• Provided material:
======

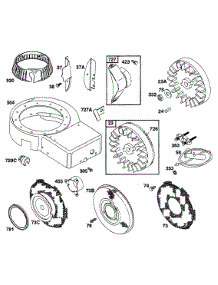 Blower Hsg, Flywheel, Screen parts for Briggs & Stratton Engine 252702-0218-99 from AppliancePartsPros.com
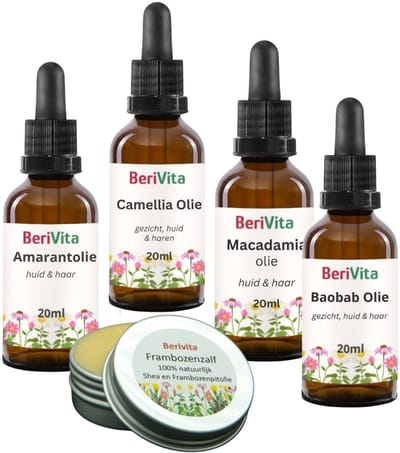 Droge Huid Verzorging Pakket - 100% Natuurlijk - Amarantolie 20ml, Baobab Olie 20ml, Camellia Olie 20ml, Macadamia Olie 20ml, Frambozenzalf 15ml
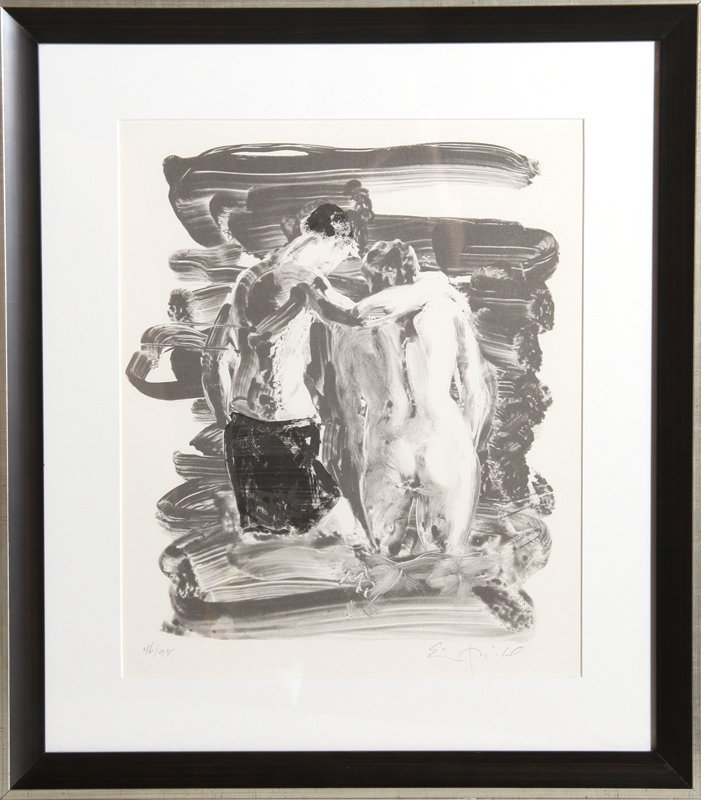 Eric Fischl, Bathers, Lithograph: Artist: Eric Fischl, American (1948 - ) Title: Bathers Year: 2007 Medium: Lithograph, signed and numbered in pencil Edition: 98 Image Size: 17 x 15 inches Frame Size: 25 x 21.5 inches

======

The answer is to be the lines of the listing from the first through the one with "Droge Huid Verzorging", reproduced exactly, without any pictures.

 Blower Hsg, Flywheel, Screen parts for Briggs & Stratton Engine 252702-0218-99 from AppliancePartsPros.com
 Droge Huid Verzorging Pakket - 100% Natuurlijk - Amarantolie 20ml, Baobab Olie 20ml, Camellia Olie 20ml, Macadamia Olie 20ml, Frambozenzalf 15ml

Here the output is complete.